I'm trying to use DFS to traverse my graph. My function is dfs(cost_matrix, start_point, goals_array). I am putting the path followed to any ONE of the GOAL states by the DFS algorithm in a list. I can't seem to figure out when to append and pop items from the list during traversal. I know that once the goal state is reached i can just break from the loop. I am using the stack method of DFS iteratively.

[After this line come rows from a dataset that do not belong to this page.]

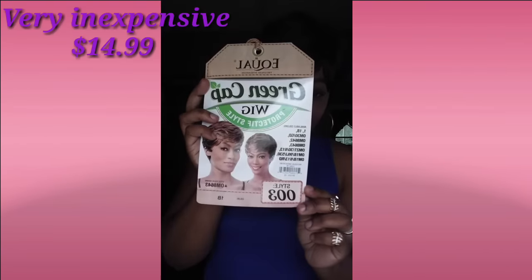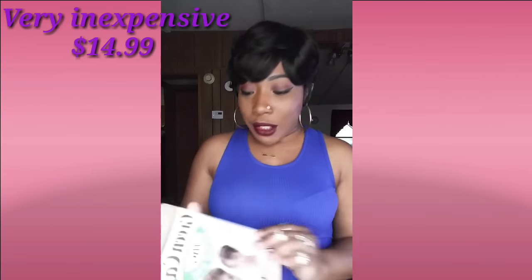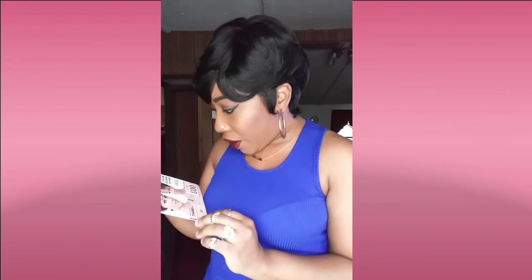I'm back today with another review. This is going to be the Free Trust Equal Green Cap Wig Protective Style, and I have her in style 003 and in a 1B. She's going to be a full cap unit. She is heat safe up to 400 degrees. She is a synthetic unit, so she is going to be your typical synthetic texture.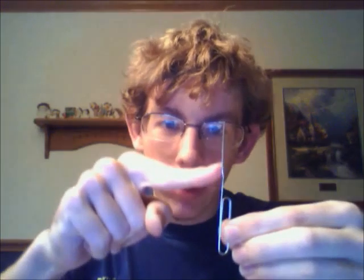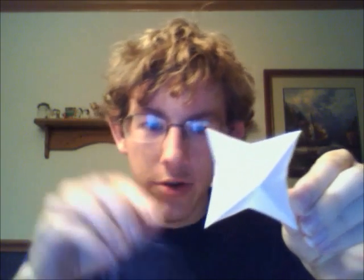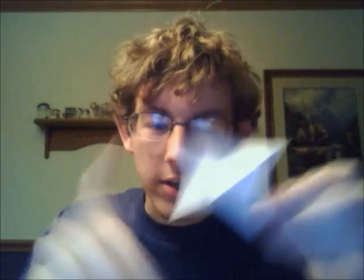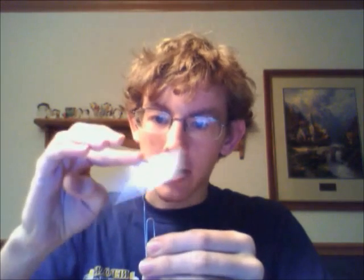If you want to do this yourself, you'll need a paper clip — open it up a little bit so it's pointed. You'll also need a square piece of paper. Fold the corners in one way and the sides in another way. Then you'll need a regular pen and some hair.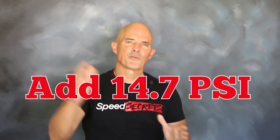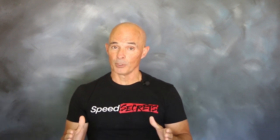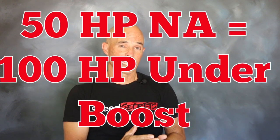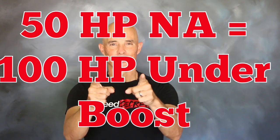So if we take a 300 horsepower motor and add 14.7 pounds of boost, we can get 600. If we improve the power output of that 300 horsepower motor to 350 with a cam swap and add 14.7 pounds of boost, now we've got 700. So that 50 horsepower gain from the cam swap NA becomes 100 horsepower under boost.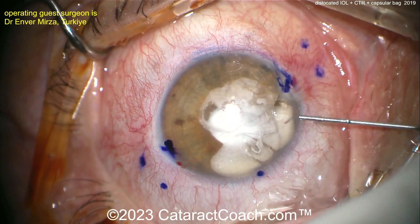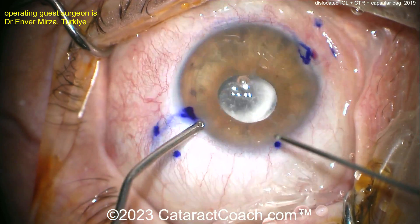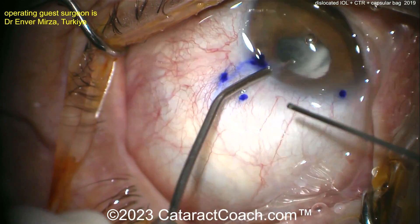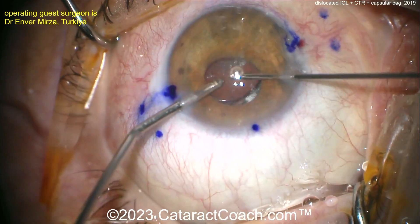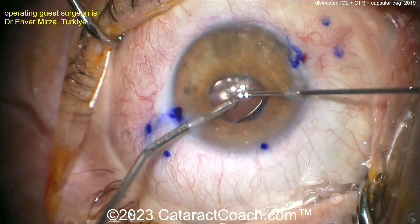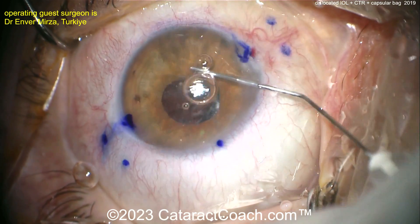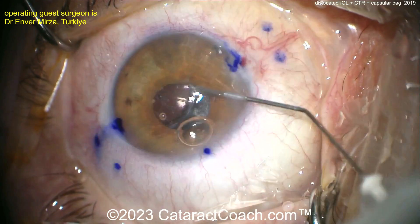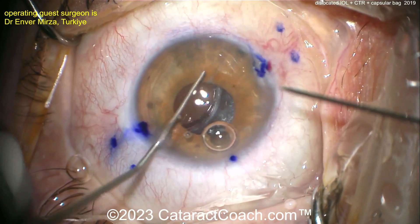Are you going to fold the IOL inside the eye, cut it in half, or use another method? I like the triamcinolone — that's going to help stain any vitreous that's present. Let's see what's going on with the whole lens. Looks like a vitrectomy setup to clean up any entangled vitreous — a smart move, because if vitreous is entangled around the IOL, you don't want to tug on it and cause a retinal break.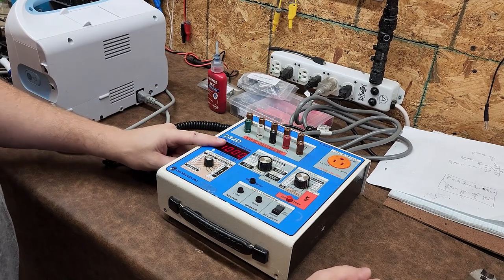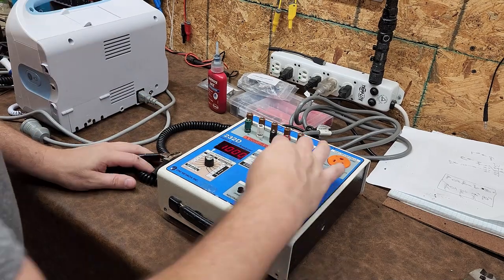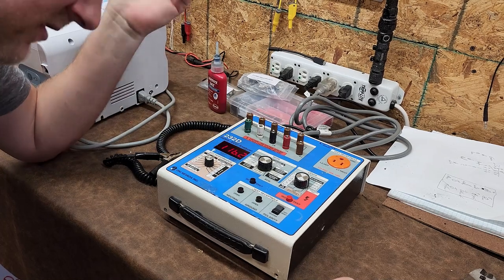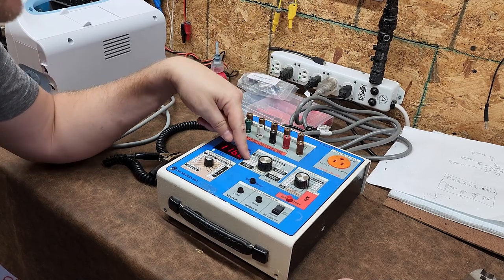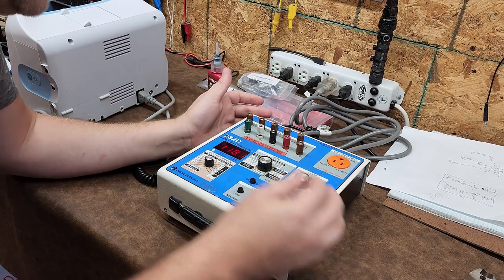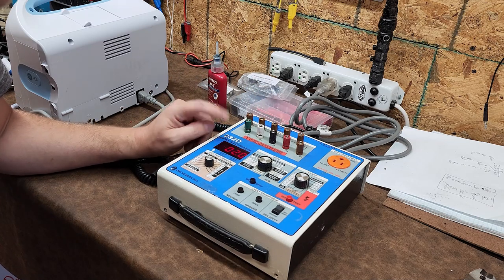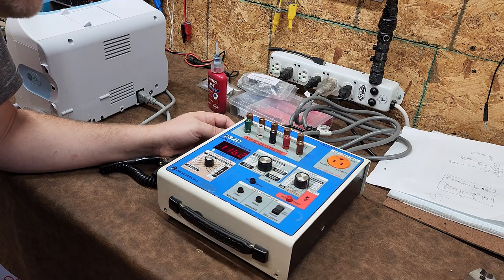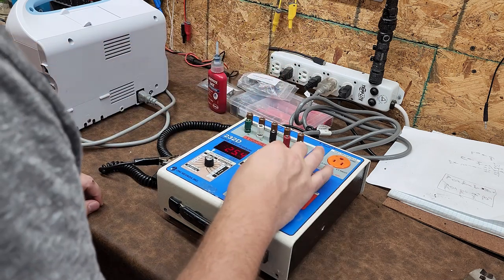I said earlier that L1 was hot — that's incorrect. L1 is considered neutral to ground, and L2 at the very top of the list is hot to ground. So up here, hot to ground — we should get 120 volts. We should have no more than 5 or 6 volts on L1 to ground, which is neutral to ground. And then L1 to L2, which is neutral to hot — of course that's what you're going to get.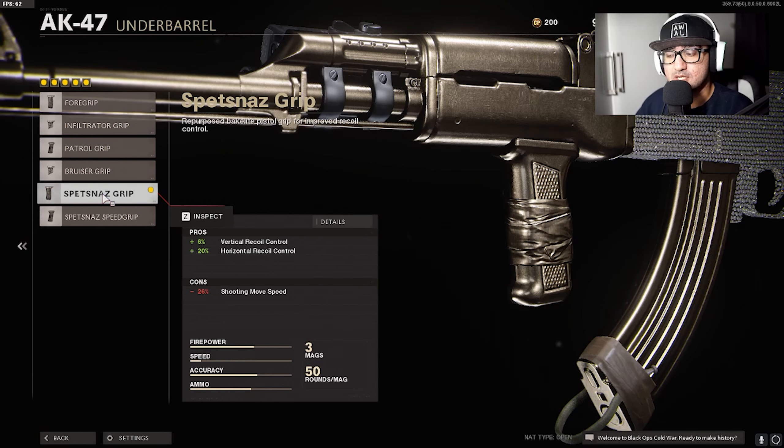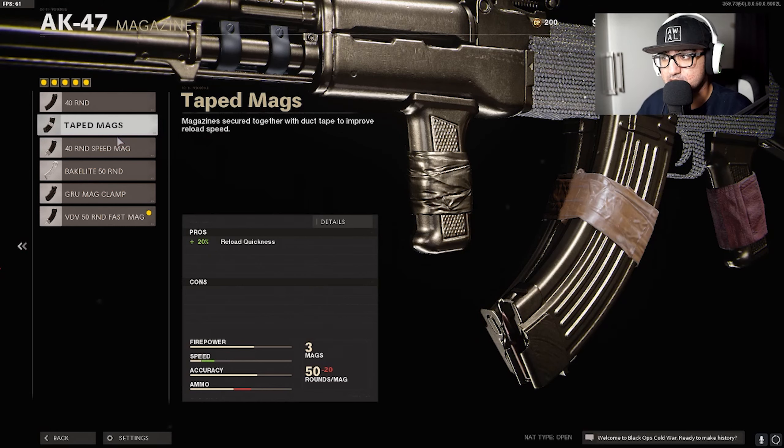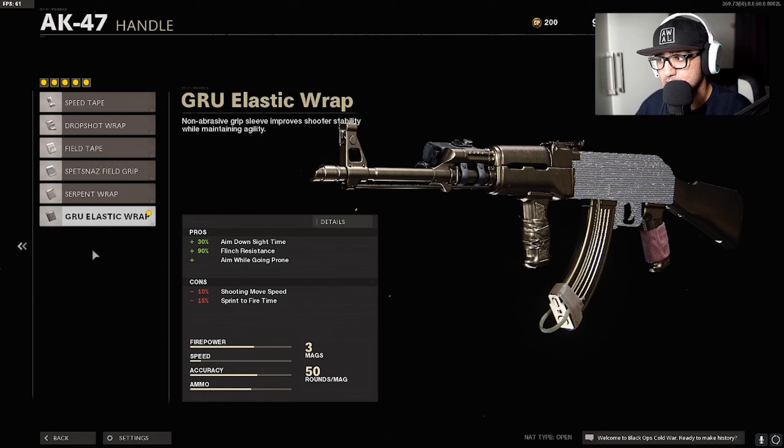The mag is the 50 Round Fast Mag. If you don't have the 50 round mag, the Tape Mag is amazing when it comes to reloading. For the handle we have the Gru Elastic Wrap — this was the pre-order thing so I've had it since the beginning. It's aimed down sight resistant and aim while prone, so you could drop-shot. The flinch resistant is huge because if a guy's shooting at you, you can literally hipfire them because you have that extra hipfire accuracy.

def DFS_Traversal(cost, start_point, goals):
num = len(cost)
visited = [0] * num
visited[start_point] = 1
stack = []
stack.append(start_point)
l = [] #used to store the final path
l.append(start_point)
while(len(stack)):
s = stack.pop()
if(visited[s] == 0):
visited[s] = 1
if s in goals:
break
for i in range (1, num): #going across the matrix
if (cost[s][i] != -1 || cost[s][i] != 0):
stack.append(i) #adding members to the stack
return l
Taken and modified a bit, to fit the requirement in the question and break when find one of the goals - from here:
from collections import defaultdict
# This class represents a directed graph using
# adjacency list representation
class Graph:
# Constructor
def __init__(self):
# default dictionary to store graph
self.graph = defaultdict(list)
# function to add an edge to graph
def addEdge(self, u, v):
self.graph[u].append(v)
# A function used by DFS
def DFSUtil(self, v, visited, goals):
# Mark the current node as visited
# and print it
print(" ")
visited[v] = True
for goal in goals:
if v == goal:
print(f"found {v} - finish!")
return
print(v, end = ' ')
# Recur for all the vertices
# adjacent to this vertex
for i in self.graph[v]:
if visited[i] == False:
self.DFSUtil(i, visited, goals)
# The function to do DFS traversal. It uses
# recursive DFSUtil()
def DFS(self, v, goals):
# Mark all the vertices as not visited
visited = [False] * (max(self.graph)+1)
# Call the recursive helper function
# to print DFS traversal
self.DFSUtil(v, visited, goals)
# Driver code
# Create a graph given
# in the above diagram
g = Graph()
g.addEdge(0, 1)
g.addEdge(0, 2)
g.addEdge(1, 2)
g.addEdge(2, 0)
g.addEdge(2, 3)
g.addEdge(3, 3)
print("Following is DFS from (starting from vertex 2)")
g.DFS(2, [1,4])
output:
Following is DFS from (starting from vertex 2)
2
0
found 1 - finish!